I knew the reasons, kind of.

And I made them abundantly ambiguously clear, of course, in my classic fall apart fashion which I'd thought was no longer emblematic of me since Cape Town, my new friends, my new identity as me, and my vastly processed trauma and improved health since what for me had been literal years of lockdown - though that was its own problem.

It made no sense, externally.

Why fight with a dying person's community and particularly her carer?

And right now, so close to the end?

Not that she'd hold it against me.

And I guess I feel safe to lash out.

And maybe it did all culminate, and I was vulnerable and susceptible to it.

But that's a problem.

The reasons were what I opened up about online to someone I'd met not even a week before.

I just want someone in my corner. Is it too much to ask that people could take a stand for me?

There were other things, unrelated, that were still haunting and traumatizing me.

Things I never could resolve or know how to. Things I would never get closure for, or a resolution to.

And as always, I was alone.

No matter who was there, no one was there, not really, and nobody stayed.

Nobody.

I was out walking as I pondered all this.

I approached the intersection where I'd make my turn.

I had (almost) reached the mall.

I had slowed, to prolong the tiny walk, but now I would have to make a decision.
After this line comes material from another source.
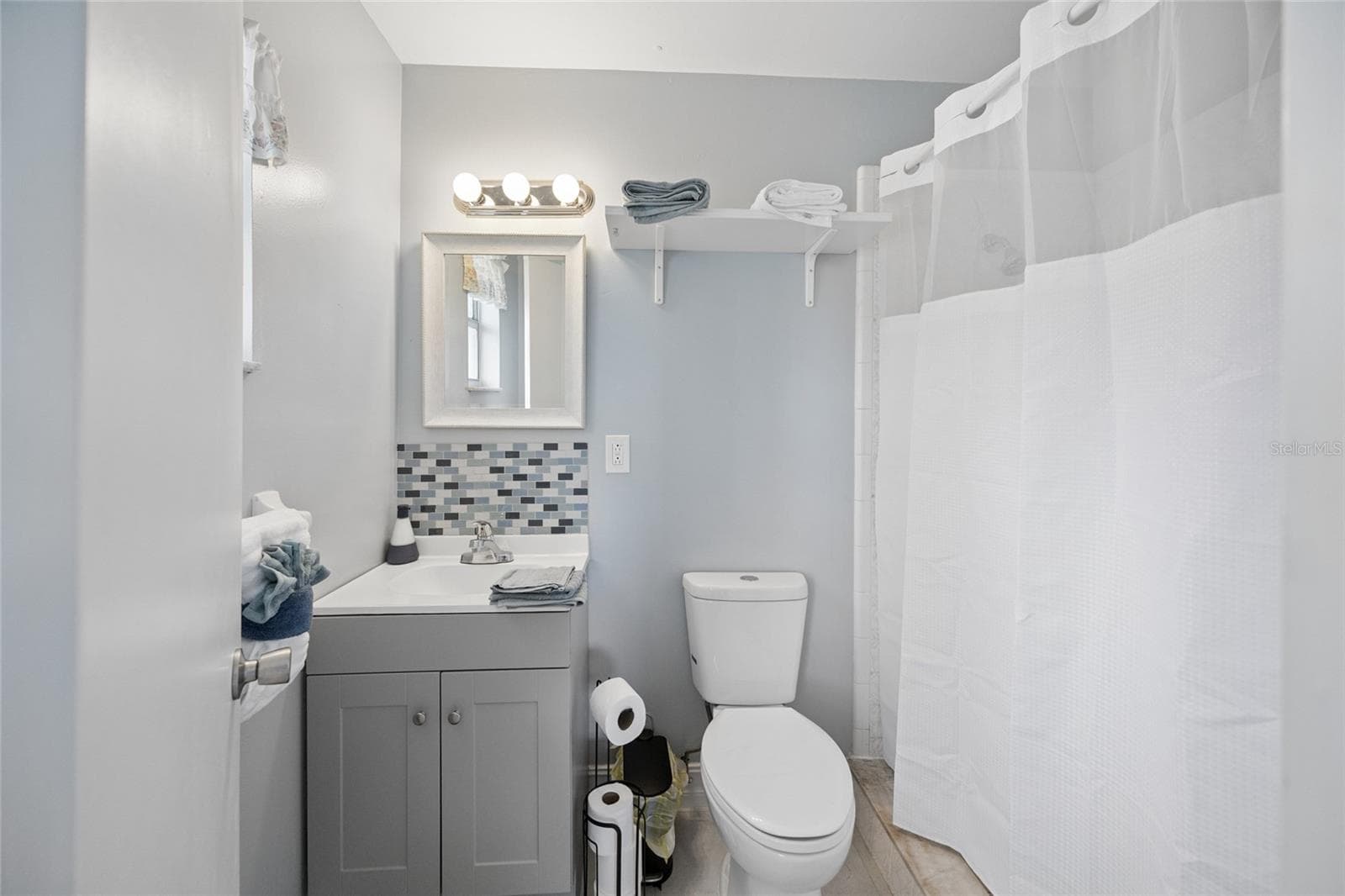 Single Family Residence at 536 HIBISCUS WAY #7B, ORLANDO, photo 19 of 45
I halted, stopped walking at the intersection, and felt tears start to come inexplicably.

I took some deep breaths to steady myself.
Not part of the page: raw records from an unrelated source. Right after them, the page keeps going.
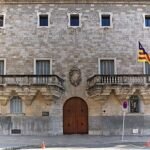 Cuatro condenados a 138 años de prisión por una violación grupal a una menor en una casa okupa de una barriada de Palma y por intentar vender a la menor a un búlgaro por 1.000 euros al mes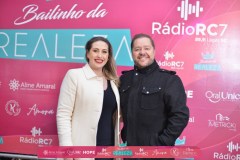 BailinhoRealeza-97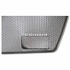 Tavita portbagaj mocheta 5 usi hatchback Ford Focus MK3 facelift 1.0 EcoBoost 100 HP Part Number BM5JA45456AB3JA6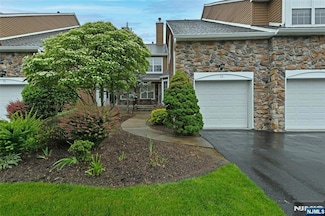 72 Hunter Rd S Unit C0272, North Haledon, NJ 07508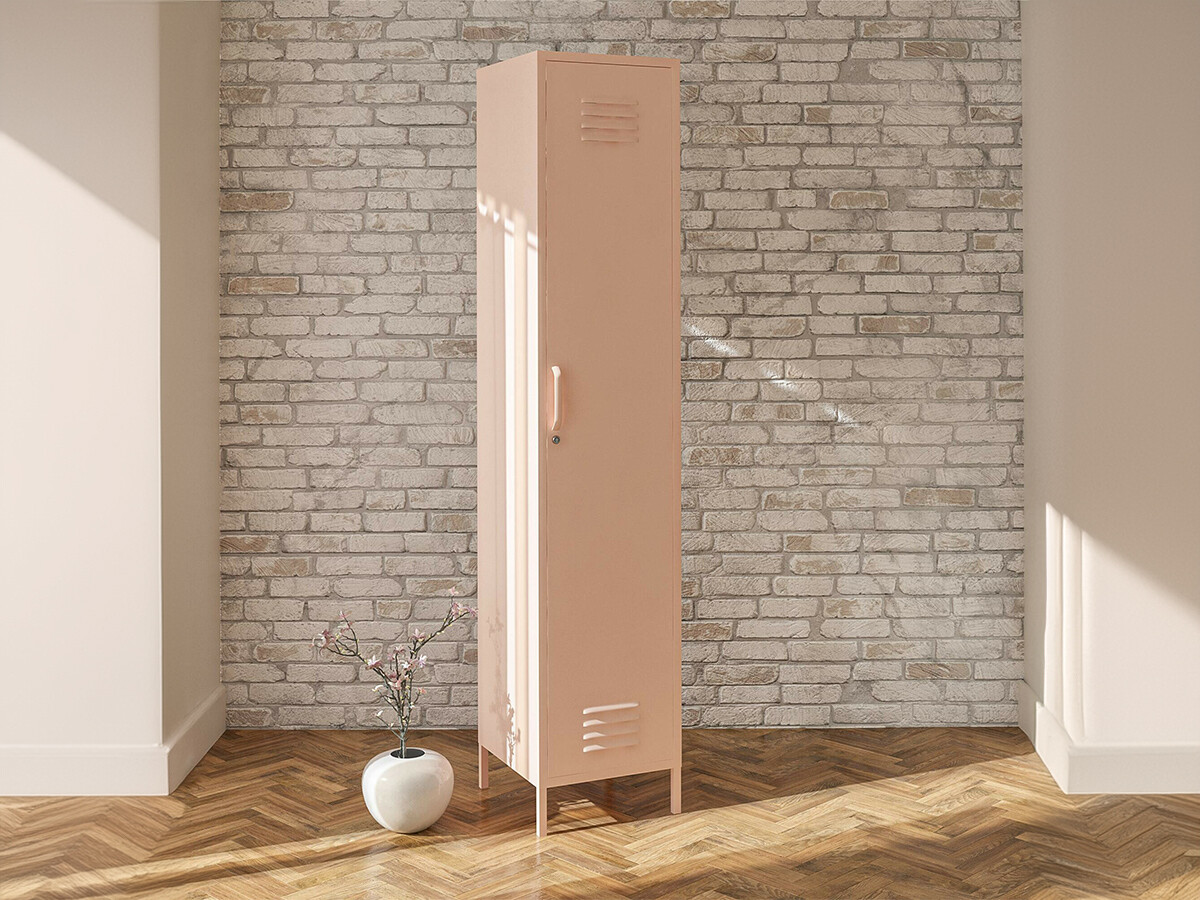 Regal Ophfere 103 (Rosa)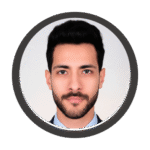 Eng. Abdurrahman Aşmawy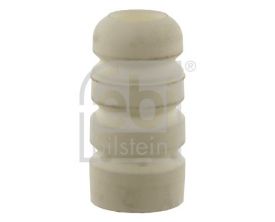 Febi 31427 - Doraz odpruženia -
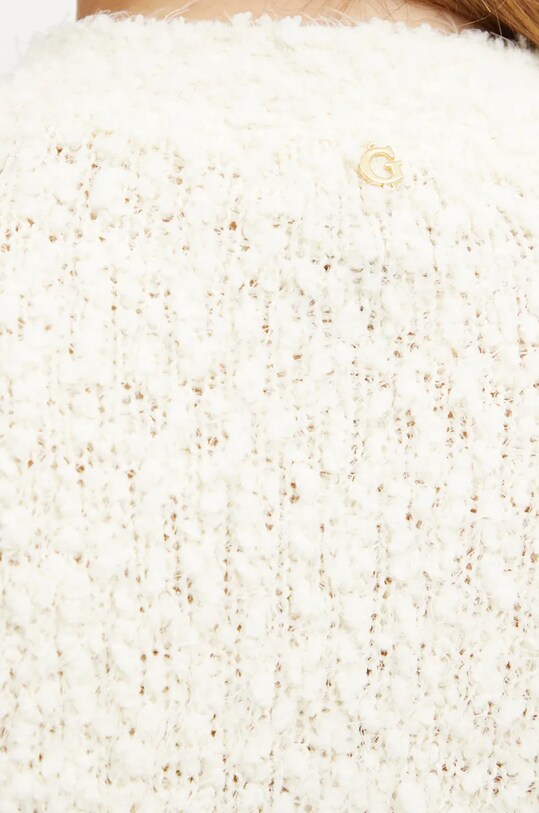 Guess cardigan W4BR90.Z3JK0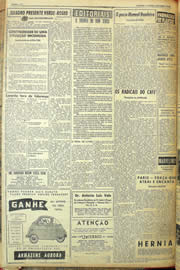 Hemeroteca - pagina Unitario_1957_04_0223.jpg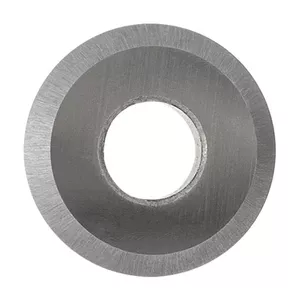 Диск для резки плитки deli tools EDL354002, диаметр 115 мм, для болгарки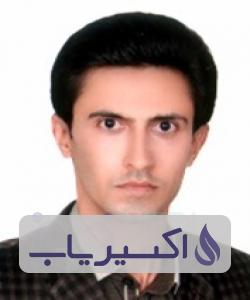 دکتر حسن دهقان بنادکوکی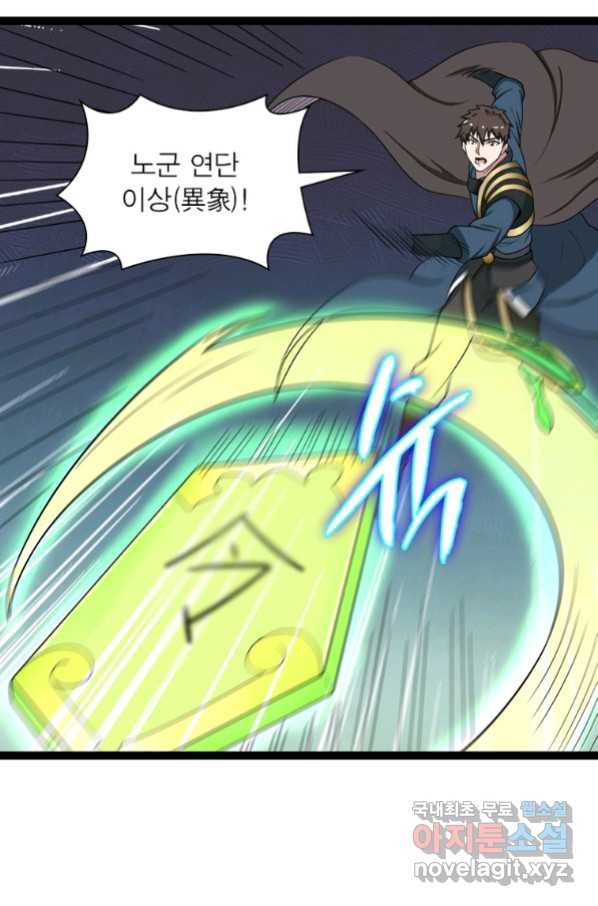 1653619156021g874gp9qpcu.jpeg
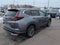 2021 Honda CR-V EX-L AWD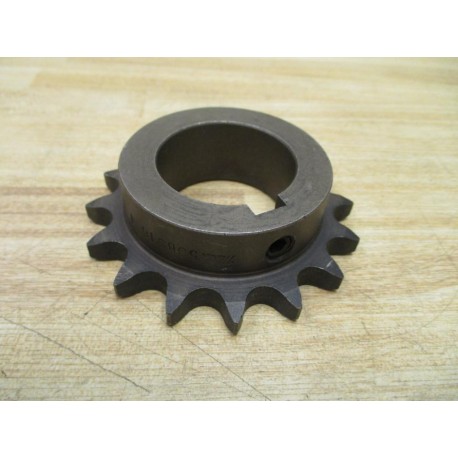 Martin 50BS16 1 58 Sprocket 50BS16158 - New No Box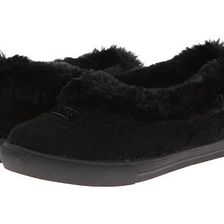 Incaltaminte Femei SKECHERS Mad Crush Black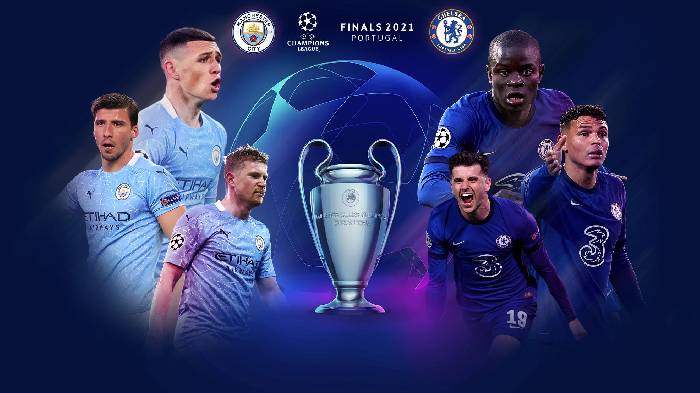 Nhận định k&egrave;o phạt g&oacute;c Man City vs Chelsea, 2h ng&agrave;y 30/5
I tried to turn, pace back a bit, and forth as I often did when thinking, stalling, conversing with myself or others on the phone.

I tried to go back, to start a pace, but again, somehow, I couldn't bring myself to.
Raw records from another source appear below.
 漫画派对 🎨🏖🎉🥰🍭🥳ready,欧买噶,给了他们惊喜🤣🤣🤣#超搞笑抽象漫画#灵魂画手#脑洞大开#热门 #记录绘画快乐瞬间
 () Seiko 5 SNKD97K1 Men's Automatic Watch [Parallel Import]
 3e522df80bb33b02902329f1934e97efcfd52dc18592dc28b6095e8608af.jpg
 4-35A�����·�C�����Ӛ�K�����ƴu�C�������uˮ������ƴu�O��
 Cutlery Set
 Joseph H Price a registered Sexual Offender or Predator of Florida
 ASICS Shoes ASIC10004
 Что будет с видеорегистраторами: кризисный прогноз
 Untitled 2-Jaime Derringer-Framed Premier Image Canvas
I either had to go one of two paths forward towards the place I always had to walk to, or backward towards the same familiarity and regularity of home, or to the side and off, avoiding the regular path.

I couldn't bear to go back. Somehow. I couldn't bear it.

The metaphor caught up with me eventually as I sat down to ponder my next move. I knew where back led and I didn't want to go back there. Not let my mind stay in this darkness of thought, unresolved, a train parked in a bricked up tunnel, when there was track to catch and people on the next train slipping away, soon out of sight. I couldn't stay on this train, and soon I would be out of time.

And so somehow, every direction forward felt like the same in any case.

That wasn't surprising, as time keeps leading forward, whether we are ready for it or not, and time was the real journey I was on.

It was the journey in my head I was following, of what to do when and next, and the inevitable, and the inevitable I would have to do as a result, because I'd known from the start of my lash out I couldn't let this go on too long, even while I'd battled my anger, and some sense of betrayal - whether justified or not? Which I couldn't let slide.

Not this time in my life - over the two days prior.

As I turned the corner, the sun flooded out from behind a cloud, a building.

I walked out into the warm, bright morning late autumn sun, my arm raised above to shield my face.

I was going somewhere. Somewhere forward.

But it was ok to this time stop for coffee while I thought about it.